The score combines OpenAI vision salience, semantic novelty from frame descriptions, visual scene-change novelty, nearby transcript density, and colorfulness.
Environment variables (see .env.example):
| Variable | Default | Description |
|---|---|---|
OPENAI_API_KEY |
(required) | Your OpenAI API key. |
DATABASE_URL |
(required for web) | Postgres connection string for accounts, sessions, and saved video analyses. |
BLOB_READ_WRITE_TOKEN |
(required for web) | Vercel Blob token for generated frame JPGs and artifact ZIPs. |
OPENAI_TRANSCRIBE_MODEL |
whisper-1 |
Transcription model. |
OPENAI_VISION_MODEL |
gpt-4.1-mini |
Vision + grammar model. |
OPENAI_EMBEDDING_MODEL |
text-embedding-3-small |
Embedding model. |
YT2CTX_OUTPUT_DIR |
.yt2ctx |
Default artifact directory. |
YT2CTX_YTDLP_COOKIES |
— | Optional Netscape cookies.txt path for yt-dlp. |
YT2CTX_YTDLP_COOKIES_FROM_BROWSER |
— | Optional browser cookie source for yt-dlp, such as chrome or firefox. |
whisper-1 is the default because it supports verbose JSON with segment
timestamps.
This repo is intended to deploy through a linked GitHub repository on Vercel. Push to the configured production branch and let Vercel build automatically.
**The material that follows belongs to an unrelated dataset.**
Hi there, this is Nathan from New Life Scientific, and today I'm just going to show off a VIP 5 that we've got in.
Set OPENAI_API_KEY in the Vercel project settings before relying on automatic
deployments. The web app also requires DATABASE_URL and
BLOB_READ_WRITE_TOKEN; the project is designed to use Vercel Marketplace
Postgres plus Vercel Blob, which inject connection environment variables when
connected to the project. The analyze route is configured for the Node.js
runtime with a 300 second function duration. Serverless limits still apply —
long videos are better processed through the CLI or MCP server; short videos and
clips fit the hosted web path.
Important
The hosted web app requires authentication, but each analysis still costs real
OpenAI usage. Before widening access to a public deployment, add usage limits
and billing controls — see TODO.md.
Planned work — including gating the public web app behind authentication and
billing so it cannot run up unbounded OpenAI spend — is tracked in
TODO.md.
Issues and pull requests are welcome. Good contributions include bug fixes, documentation improvements, sharper prompts/artifact schemas, better frame selection heuristics, and MCP/client compatibility work.
Before opening a PR:
- Search existing issues to avoid duplicate work.
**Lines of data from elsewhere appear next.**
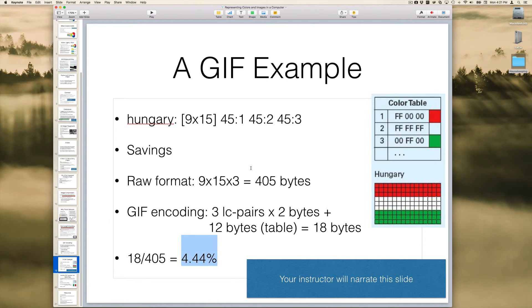That is a pretty impressive saving. So that's how you do GIF encoding — this isn't exactly how it's done, but it's very close and gives you the idea of it. For the assignment that you're working on, you will have to do this same sort of thing but using different flags. That's it — see you Wednesday.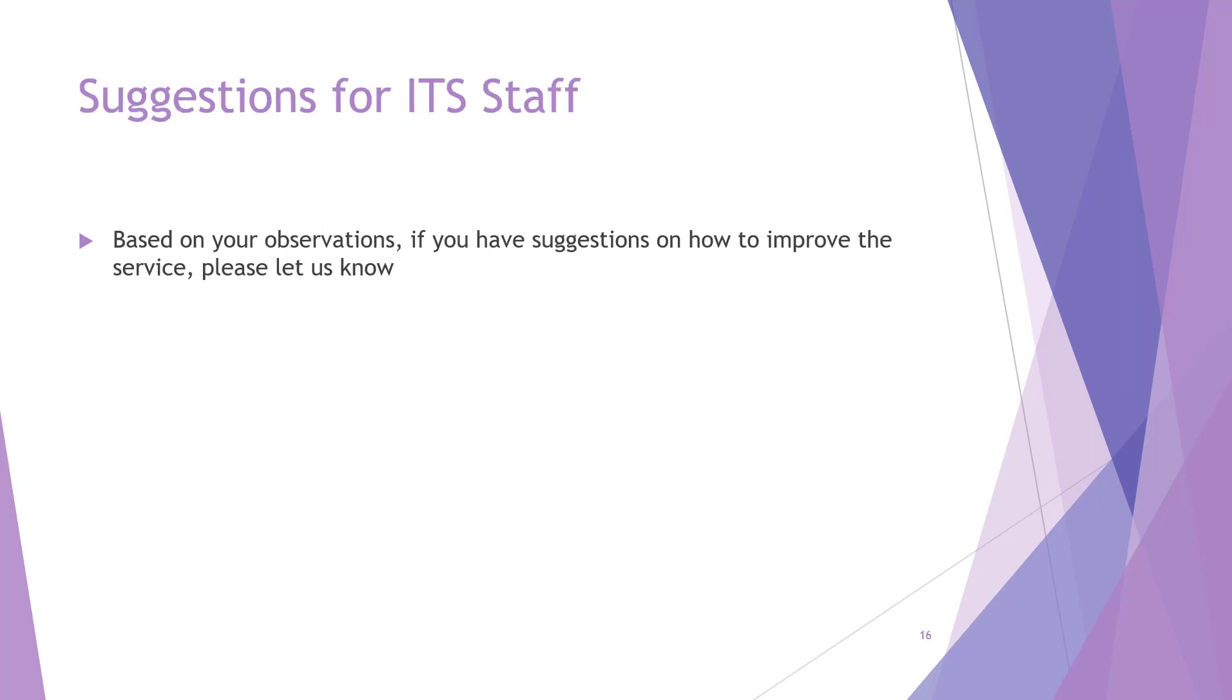And finally, if you have suggestions for the ITS staff, please let them know. Having the student perspective is important to this process.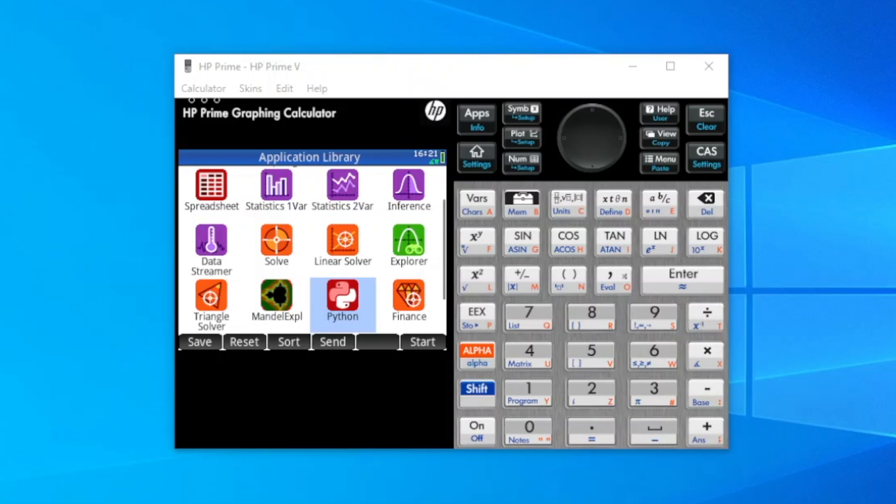This video demonstrates a simple implementation of Forth, written in Python for the HP Prime. I took a small, simple, educational implementation of Forth in Python, which was less than 200 lines of code, and ported it to the HP Prime version of MicroPython.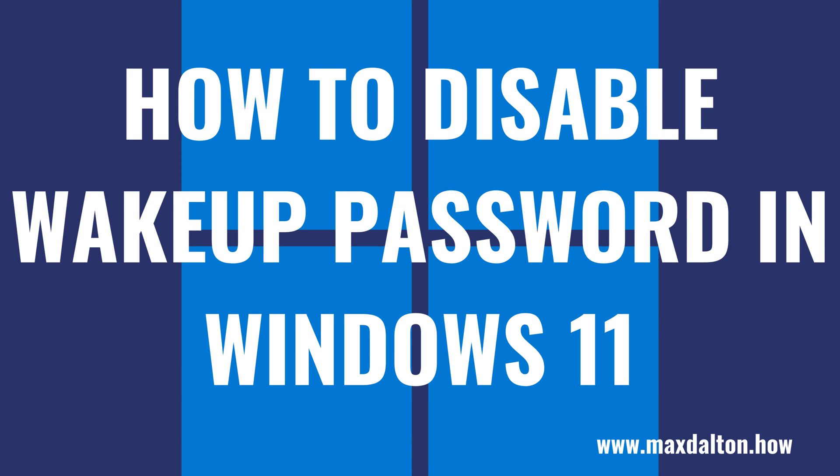What's up everyone. I'm Max Dalton, and in this video I'll show you how to disable your wake-up password in Windows 11.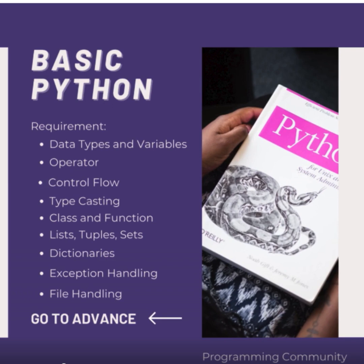We've covered essential Python concepts, from basic data types and variables to advanced topics like control flow, classes, and file handling. These concepts are foundational for programming and will help you build robust applications in Python.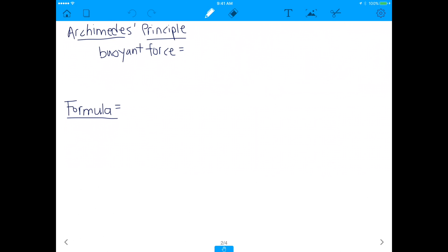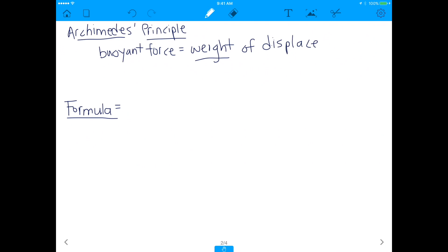There are two main principles here. One is called Archimedes' principle. You may have heard the story of Archimedes where he went into a tub full of water and saw that when you go into water, you move some of the water out of the way. The water level will increase as you step into a tub of water because you displace water. Archimedes had this revelation: the buoyant force on an object is equal to the weight of the displaced fluid.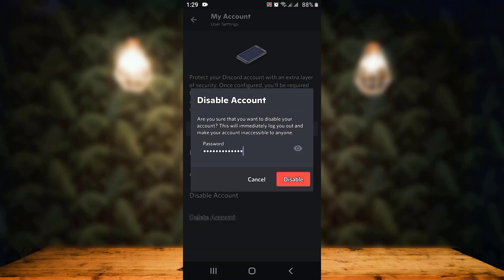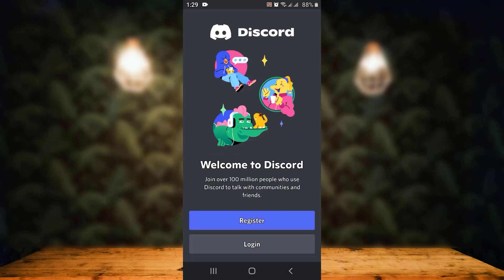Once you're done entering your password, tap on 'Disable' which is in the lower right corner. Here you can see that you're logged out, which means that your account has been disabled. That is how you can disable your Discord account on your device.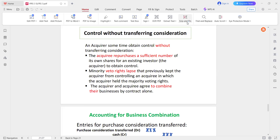So, I think we have to do that — control without transferring consideration. The acquirer somehow has to control without transferring consideration.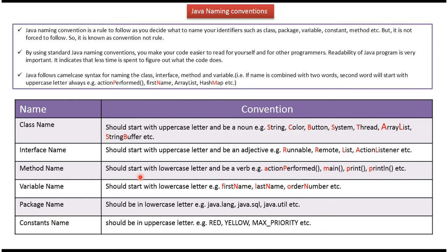And method name should start with lowercase letter and be a verb. And here you can see some of the examples of methods: action performed, main, print, println. And you can see first letter starts with lowercase letter.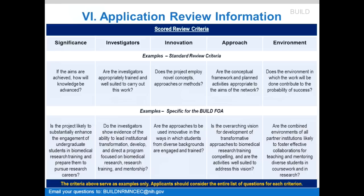For significance under standard review criteria, the question is: if the aims are achieved, how will knowledge be advanced? Specific to the BUILD FOA, the question to address is: is the project likely to substantially enhance the engagement of undergraduate students in biomedical research training and prepare them to pursue research careers? Similarly, for investigators, innovation, approach, and environment, there are both standard review criteria examples and BUILD-specific questions to address. Note that these are all examples — applicants should consider the entire list of questions for each criterion provided in the FOA.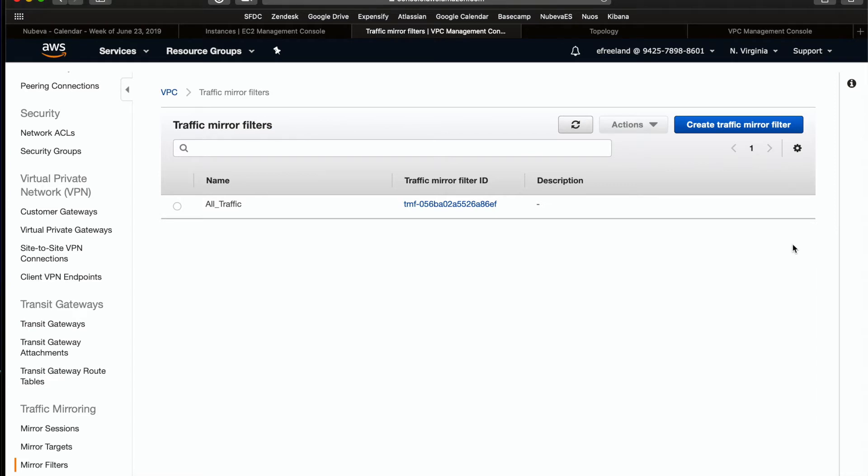And here's our newly created filter. The ID for all filters will always start with TMF. Now we're ready for the last step, creating our traffic mirror.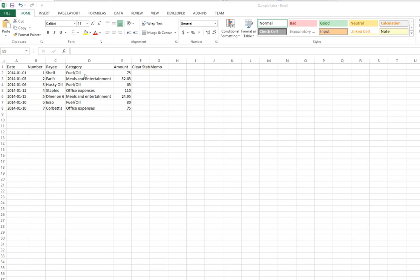The names that appear in this field have to either be identical to an expense category that already exists in the destination software, or if you put in a new one like fuel and oil for the first time, we have to use it consistently. It has to be spelled and formatted identically each time we use it.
- Keep the change focused and include screenshots or sample artifacts for UI and output changes.
- Run
npm run typecheck,npm run lint, and, when practical,npm run build. - Do not commit
.env, API keys, private video URLs, or generated.yt2ctx/output.
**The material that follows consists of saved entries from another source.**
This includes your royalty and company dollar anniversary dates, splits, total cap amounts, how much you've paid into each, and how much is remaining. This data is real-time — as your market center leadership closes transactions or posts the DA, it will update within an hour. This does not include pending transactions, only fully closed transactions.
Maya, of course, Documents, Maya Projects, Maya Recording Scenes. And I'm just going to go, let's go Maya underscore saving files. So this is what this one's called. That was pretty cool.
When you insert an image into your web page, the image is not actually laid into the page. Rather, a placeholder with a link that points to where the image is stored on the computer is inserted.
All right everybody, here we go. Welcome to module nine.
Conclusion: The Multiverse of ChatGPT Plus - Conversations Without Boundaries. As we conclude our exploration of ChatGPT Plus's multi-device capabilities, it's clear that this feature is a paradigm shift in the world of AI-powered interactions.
Use the issue templates for bugs and feature requests, and the PR template for review context. Security reports should be opened privately through GitHub Security Advisories rather than public issues.
This repository includes:
- bug and feature request issue forms
- a pull request template
- CI for typecheck, lint, and build
- Dependabot configuration for npm and GitHub Actions
- a label set for triage
- a funding placeholder for future sponsorship setup
Only process videos you have the right to download and analyze. YouTube
availability and extractor behavior can change; youtube-dl-exec bundles
yt-dlp, which is more robust than browser-only download libraries.